**AVAILABLE DATA:**
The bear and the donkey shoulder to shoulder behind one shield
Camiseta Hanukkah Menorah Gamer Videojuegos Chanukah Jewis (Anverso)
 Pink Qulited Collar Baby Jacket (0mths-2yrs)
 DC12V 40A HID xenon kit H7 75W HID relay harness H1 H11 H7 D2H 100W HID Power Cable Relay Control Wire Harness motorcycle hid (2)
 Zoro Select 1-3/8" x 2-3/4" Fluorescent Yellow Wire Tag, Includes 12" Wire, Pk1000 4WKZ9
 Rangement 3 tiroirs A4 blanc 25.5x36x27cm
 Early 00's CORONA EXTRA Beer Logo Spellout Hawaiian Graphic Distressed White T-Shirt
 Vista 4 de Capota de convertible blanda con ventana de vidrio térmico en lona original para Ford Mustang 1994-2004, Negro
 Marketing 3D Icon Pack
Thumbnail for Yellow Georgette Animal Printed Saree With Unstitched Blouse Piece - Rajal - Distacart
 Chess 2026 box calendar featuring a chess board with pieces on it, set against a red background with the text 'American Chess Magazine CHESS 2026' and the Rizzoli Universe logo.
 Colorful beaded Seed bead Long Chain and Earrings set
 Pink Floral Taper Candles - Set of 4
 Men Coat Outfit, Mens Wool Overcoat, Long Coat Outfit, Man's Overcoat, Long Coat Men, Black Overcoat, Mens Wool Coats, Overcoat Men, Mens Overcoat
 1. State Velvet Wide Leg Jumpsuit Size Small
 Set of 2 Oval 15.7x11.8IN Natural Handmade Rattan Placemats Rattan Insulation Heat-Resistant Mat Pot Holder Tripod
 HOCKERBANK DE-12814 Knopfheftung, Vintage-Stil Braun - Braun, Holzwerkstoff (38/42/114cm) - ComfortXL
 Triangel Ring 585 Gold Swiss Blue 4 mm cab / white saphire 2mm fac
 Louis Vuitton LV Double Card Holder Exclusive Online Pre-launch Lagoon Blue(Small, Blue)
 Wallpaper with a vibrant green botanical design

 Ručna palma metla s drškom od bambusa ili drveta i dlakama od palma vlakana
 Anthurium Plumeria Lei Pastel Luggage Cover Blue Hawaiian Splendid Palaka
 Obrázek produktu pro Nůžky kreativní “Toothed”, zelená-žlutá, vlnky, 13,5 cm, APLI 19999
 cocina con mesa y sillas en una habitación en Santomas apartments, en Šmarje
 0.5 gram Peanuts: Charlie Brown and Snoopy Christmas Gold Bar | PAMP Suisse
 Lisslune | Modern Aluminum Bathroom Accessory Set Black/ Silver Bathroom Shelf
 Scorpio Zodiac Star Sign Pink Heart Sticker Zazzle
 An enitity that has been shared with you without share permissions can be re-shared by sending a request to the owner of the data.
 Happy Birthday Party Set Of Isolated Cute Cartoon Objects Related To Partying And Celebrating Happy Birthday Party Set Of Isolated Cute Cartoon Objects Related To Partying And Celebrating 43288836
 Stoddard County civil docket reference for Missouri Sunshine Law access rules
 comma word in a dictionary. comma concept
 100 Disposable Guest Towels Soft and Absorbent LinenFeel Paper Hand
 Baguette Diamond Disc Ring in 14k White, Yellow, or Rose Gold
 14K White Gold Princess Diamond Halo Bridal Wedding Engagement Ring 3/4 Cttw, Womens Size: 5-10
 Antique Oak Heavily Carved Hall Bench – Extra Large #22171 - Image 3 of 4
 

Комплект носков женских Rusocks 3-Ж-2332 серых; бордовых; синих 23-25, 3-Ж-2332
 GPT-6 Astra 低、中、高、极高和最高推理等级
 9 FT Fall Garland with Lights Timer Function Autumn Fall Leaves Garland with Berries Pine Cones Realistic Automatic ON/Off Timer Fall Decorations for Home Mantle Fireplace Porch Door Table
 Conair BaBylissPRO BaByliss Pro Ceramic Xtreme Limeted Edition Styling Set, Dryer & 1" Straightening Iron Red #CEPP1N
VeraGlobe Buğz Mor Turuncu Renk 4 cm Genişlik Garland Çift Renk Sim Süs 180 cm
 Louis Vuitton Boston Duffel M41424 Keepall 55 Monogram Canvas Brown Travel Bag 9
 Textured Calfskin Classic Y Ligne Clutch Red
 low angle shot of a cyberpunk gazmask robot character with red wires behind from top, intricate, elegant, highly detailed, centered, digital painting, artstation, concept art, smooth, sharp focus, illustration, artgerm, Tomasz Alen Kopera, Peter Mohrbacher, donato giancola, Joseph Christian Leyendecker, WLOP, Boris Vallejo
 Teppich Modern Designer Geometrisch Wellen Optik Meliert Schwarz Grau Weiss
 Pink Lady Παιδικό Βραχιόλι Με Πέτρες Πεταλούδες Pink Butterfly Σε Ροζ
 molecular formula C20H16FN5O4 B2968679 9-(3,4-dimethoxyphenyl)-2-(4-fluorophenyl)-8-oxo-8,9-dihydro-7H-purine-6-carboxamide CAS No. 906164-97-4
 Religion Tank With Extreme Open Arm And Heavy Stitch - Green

**DIRECTIONS:**
Can you quote exactly the lines from the one containing "GPT-6 Astra 低、中、高、极高和最高推理等级" through the last line of the records above, and nothing else?

**ANSWER SECTION:**
 GPT-6 Astra 低、中、高、极高和最高推理等级
 9 FT Fall Garland with Lights Timer Function Autumn Fall Leaves Garland with Berries Pine Cones Realistic Automatic ON/Off Timer Fall Decorations for Home Mantle Fireplace Porch Door Table
 Conair BaBylissPRO BaByliss Pro Ceramic Xtreme Limeted Edition Styling Set, Dryer & 1" Straightening Iron Red #CEPP1N
VeraGlobe Buğz Mor Turuncu Renk 4 cm Genişlik Garland Çift Renk Sim Süs 180 cm
 Louis Vuitton Boston Duffel M41424 Keepall 55 Monogram Canvas Brown Travel Bag 9
 Textured Calfskin Classic Y Ligne Clutch Red
 low angle shot of a cyberpunk gazmask robot character with red wires behind from top, intricate, elegant, highly detailed, centered, digital painting, artstation, concept art, smooth, sharp focus, illustration, artgerm, Tomasz Alen Kopera, Peter Mohrbacher, donato giancola, Joseph Christian Leyendecker, WLOP, Boris Vallejo
 Teppich Modern Designer Geometrisch Wellen Optik Meliert Schwarz Grau Weiss
 Pink Lady Παιδικό Βραχιόλι Με Πέτρες Πεταλούδες Pink Butterfly Σε Ροζ
 molecular formula C20H16FN5O4 B2968679 9-(3,4-dimethoxyphenyl)-2-(4-fluorophenyl)-8-oxo-8,9-dihydro-7H-purine-6-carboxamide CAS No. 906164-97-4
 Religion Tank With Extreme Open Arm And Heavy Stitch - Green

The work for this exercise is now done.